→ EXERCISE: Would you return, word for word, the lines running from the one with "White tiles kitchen" to the final line of the listing below, pictures omitted?

→ RAW DATA:
──────────

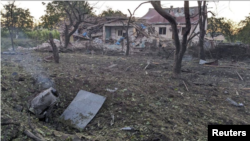 تصویری از خرابی‌های ناشی از حملات روسیه به اوکراین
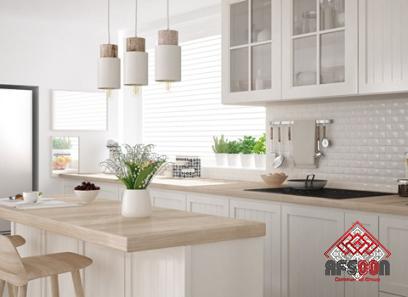 White tiles kitchen purchase price + specifications, cheap wholesale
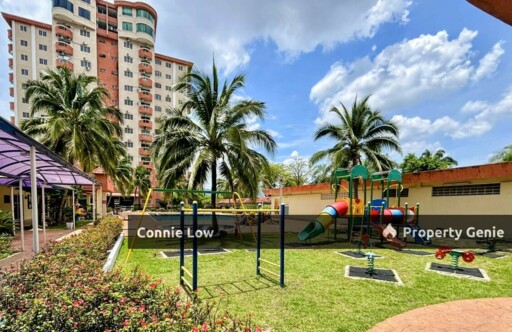 🎉 Bercham Prima Ipoh Kiara Condominium for Sale Perak✨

──────────

→ RESPONSE:
 White tiles kitchen purchase price + specifications, cheap wholesale
 🎉 Bercham Prima Ipoh Kiara Condominium for Sale Perak✨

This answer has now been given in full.